My years in the operational research team were notable for their breadth of intellectual challenge. I used simulation to refine airside road systems and the intricacies of the subterranean baggage system, and queuing theory to optimise standby crew patterns and the operation of T5 shuttle trains. I supported negotiations when airline mergers were in the air; explored feedback on the catering offering; modelled the movement and handling of engineering parts and designed algorithms that sit within core BA systems.
Within network planning, I considered which aircraft to fly where, and how often – in particular, how to go about making these decisions. While in strategy, I was instrumental in writing four annual business plans, which set our corporate direction; an unparalleled opportunity to hone my influencing skills.
In 2018, I returned home to analytics to head-up the newly formed central analytics team - the smartest group of people I know.
Strong financial discipline following the global financial crisis of 2008 soon put BA in the enviable position to upweight investment in the customer experience. In the strategy team, I was well placed to make this financial case and propose where investment should be focused. I translated sophisticated statistical modelling by the operational research team to C-suite level recommendations – we should invest in catering and customer service. And we did. A satisfying case of statistical insight driving significant tangible change – the impact is now seen clearly in the meals we serve on board and in our Net Promoter Score figures.
Ada Lovelace, born 1815, saw opportunities in the new “Analytics Engine” beyond those of its inventor, and is recognised by many as the writer of the first computer program. Her intelligence, mathematical ability, but most notably her vision, have paved the way for today’s data and analytics industry.
Looking back on 2019, I am amazed at the amount of beneficial change we enacted within my department, as well as maintaining, and even accelerating, the pace of delivery for the company. With a bold vision set corporately, and a clear mission directing how central analytics can help, many of my team have stepped forward to lead on, and to support others, with changes that will make us stronger and fitter. More evidence, that, after building a brilliant team, the best thing a leader can do is get out of the way.

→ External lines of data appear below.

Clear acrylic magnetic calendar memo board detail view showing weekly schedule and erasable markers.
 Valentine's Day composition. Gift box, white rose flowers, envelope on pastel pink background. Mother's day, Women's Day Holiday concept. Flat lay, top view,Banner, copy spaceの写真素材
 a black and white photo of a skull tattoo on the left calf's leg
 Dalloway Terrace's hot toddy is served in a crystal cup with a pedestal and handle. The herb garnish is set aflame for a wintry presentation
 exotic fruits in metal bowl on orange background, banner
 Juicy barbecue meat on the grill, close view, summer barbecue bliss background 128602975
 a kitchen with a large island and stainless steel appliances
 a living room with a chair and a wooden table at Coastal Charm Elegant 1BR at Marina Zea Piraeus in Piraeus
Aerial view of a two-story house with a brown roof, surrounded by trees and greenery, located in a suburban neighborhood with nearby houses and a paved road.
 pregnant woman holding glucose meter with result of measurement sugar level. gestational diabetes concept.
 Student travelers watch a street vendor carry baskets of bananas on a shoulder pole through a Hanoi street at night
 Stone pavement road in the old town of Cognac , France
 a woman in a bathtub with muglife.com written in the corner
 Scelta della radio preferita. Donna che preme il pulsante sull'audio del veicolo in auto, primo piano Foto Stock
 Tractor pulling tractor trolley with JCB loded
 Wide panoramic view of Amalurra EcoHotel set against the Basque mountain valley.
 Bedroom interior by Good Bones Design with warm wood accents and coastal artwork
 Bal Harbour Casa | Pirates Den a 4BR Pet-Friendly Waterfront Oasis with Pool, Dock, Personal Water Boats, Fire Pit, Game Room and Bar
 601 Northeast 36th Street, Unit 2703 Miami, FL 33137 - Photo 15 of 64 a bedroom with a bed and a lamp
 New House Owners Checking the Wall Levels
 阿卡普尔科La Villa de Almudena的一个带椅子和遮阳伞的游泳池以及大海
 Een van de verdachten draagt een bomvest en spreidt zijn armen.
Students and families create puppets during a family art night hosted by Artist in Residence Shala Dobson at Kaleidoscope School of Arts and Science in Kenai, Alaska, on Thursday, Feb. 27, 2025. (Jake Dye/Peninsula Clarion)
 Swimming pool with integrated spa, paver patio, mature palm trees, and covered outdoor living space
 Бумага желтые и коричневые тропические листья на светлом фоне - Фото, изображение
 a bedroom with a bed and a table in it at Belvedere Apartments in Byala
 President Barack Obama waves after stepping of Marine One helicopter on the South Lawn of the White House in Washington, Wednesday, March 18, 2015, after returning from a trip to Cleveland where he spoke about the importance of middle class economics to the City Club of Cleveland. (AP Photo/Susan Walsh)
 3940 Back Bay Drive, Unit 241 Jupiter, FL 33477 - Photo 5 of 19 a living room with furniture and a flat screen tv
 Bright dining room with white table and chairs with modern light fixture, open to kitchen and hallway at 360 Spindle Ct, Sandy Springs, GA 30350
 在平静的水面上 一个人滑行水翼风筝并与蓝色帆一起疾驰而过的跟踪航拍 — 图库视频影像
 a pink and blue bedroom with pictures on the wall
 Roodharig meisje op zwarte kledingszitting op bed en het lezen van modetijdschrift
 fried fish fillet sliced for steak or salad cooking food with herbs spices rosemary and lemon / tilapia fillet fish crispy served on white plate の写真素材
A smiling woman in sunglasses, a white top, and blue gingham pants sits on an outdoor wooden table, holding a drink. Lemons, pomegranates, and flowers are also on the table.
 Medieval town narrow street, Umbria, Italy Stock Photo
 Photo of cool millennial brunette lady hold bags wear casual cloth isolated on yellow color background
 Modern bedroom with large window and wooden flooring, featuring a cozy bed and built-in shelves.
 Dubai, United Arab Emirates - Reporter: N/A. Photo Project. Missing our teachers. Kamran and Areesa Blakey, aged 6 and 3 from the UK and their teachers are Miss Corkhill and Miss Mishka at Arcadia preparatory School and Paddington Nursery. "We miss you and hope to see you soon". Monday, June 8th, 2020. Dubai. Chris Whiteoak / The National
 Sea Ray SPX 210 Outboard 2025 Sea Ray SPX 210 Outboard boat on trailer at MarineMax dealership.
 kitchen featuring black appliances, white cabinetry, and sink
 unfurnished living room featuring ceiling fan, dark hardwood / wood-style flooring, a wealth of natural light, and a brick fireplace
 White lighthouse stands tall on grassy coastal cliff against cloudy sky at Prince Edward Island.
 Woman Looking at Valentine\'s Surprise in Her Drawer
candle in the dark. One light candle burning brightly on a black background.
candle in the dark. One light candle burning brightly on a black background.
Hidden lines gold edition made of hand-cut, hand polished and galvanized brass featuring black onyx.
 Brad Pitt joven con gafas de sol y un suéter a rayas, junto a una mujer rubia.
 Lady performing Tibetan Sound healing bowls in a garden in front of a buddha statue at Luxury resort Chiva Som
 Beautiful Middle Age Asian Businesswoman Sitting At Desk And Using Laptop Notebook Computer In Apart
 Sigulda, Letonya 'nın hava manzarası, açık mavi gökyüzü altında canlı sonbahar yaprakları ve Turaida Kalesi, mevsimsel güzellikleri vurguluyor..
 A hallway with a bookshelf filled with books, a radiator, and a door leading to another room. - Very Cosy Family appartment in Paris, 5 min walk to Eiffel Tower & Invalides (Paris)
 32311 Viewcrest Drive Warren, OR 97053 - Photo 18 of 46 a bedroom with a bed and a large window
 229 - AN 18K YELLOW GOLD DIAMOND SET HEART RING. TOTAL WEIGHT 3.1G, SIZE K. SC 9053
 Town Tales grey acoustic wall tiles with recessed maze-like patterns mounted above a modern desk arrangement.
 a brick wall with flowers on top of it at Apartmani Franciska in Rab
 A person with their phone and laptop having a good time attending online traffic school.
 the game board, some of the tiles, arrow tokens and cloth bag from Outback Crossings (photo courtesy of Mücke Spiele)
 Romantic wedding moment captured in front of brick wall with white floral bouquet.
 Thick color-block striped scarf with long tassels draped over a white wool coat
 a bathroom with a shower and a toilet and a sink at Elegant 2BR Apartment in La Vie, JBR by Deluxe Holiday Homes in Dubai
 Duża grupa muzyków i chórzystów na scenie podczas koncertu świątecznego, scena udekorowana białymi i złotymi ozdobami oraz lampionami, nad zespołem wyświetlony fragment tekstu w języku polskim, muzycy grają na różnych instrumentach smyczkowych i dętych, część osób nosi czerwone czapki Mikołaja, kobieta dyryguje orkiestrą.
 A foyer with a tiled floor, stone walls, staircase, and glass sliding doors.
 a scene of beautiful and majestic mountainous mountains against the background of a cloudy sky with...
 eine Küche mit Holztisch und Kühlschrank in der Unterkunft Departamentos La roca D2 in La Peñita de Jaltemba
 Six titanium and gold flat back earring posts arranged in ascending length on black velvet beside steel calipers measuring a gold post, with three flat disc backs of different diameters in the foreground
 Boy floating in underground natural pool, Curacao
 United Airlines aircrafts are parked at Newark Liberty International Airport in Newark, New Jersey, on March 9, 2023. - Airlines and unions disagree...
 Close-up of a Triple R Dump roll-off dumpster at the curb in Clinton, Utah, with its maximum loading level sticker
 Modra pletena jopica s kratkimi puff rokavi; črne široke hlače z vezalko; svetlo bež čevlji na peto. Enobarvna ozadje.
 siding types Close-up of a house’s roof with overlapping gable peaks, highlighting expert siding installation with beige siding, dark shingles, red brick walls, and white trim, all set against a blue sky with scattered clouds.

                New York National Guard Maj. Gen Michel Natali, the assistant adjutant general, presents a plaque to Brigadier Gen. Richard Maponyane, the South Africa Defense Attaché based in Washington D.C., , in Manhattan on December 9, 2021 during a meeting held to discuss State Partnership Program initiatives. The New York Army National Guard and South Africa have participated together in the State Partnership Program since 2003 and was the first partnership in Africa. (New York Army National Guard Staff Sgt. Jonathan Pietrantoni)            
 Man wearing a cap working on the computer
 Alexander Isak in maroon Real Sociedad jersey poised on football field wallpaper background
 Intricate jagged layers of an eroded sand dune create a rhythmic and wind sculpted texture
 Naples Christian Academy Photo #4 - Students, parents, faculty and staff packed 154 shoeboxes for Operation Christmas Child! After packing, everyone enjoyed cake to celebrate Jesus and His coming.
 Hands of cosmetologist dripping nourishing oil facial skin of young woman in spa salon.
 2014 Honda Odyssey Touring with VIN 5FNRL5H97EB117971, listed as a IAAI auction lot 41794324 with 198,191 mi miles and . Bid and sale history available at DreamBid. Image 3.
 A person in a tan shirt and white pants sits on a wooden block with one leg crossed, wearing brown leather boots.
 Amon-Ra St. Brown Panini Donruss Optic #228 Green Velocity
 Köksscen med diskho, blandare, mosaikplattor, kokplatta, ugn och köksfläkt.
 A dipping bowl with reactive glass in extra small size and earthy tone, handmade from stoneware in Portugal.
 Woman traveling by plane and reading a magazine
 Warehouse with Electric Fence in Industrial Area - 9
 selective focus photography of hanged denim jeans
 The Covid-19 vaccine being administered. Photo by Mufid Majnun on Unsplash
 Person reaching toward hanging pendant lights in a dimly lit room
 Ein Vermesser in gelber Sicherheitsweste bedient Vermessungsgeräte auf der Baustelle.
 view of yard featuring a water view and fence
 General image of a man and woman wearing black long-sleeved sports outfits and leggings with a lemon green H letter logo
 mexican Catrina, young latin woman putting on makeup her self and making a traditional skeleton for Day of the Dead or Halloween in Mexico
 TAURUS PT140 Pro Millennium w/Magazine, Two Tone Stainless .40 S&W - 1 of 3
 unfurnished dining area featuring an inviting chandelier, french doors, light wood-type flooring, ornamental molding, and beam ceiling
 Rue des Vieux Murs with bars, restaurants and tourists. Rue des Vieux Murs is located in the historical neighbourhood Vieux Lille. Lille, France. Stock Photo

“Permission to grow” is a term we’ve used within BA for many years to describe the moral argument behind the sustainability/environmental actions that we must do within aviation to be allowed to grow our fleet, recently demonstrated by our public commitment to achieve net zero carbon emissions by 2050.
As data and analytics pushes further into everyone’s lives, “permission to grow” in analytical terms will be determined by success in appropriately managing data security and the ethical use of data, and the recognition of this in the public mindset. This must be a key focus in 2020.
We now have more data, and messier data, than ever before. Paired with this are growing customer expectations on how this information should be seamlessly collated, processed and intuitively presented. And between those two states is us: the data and analytics industry. A huge challenge, and a huge opportunity. It’s going to be fun.
BA already has an excellent integrated, cross-company on-premises relational data warehouse to power our analytics. We continue to invest in this warehouse – as well as saving us time and effort in every analytics project, the facility it gives us to explore relationships across different data sources generates huge value. However, we will be able to do even more when our new cloud-based data lake is more fully rolled out.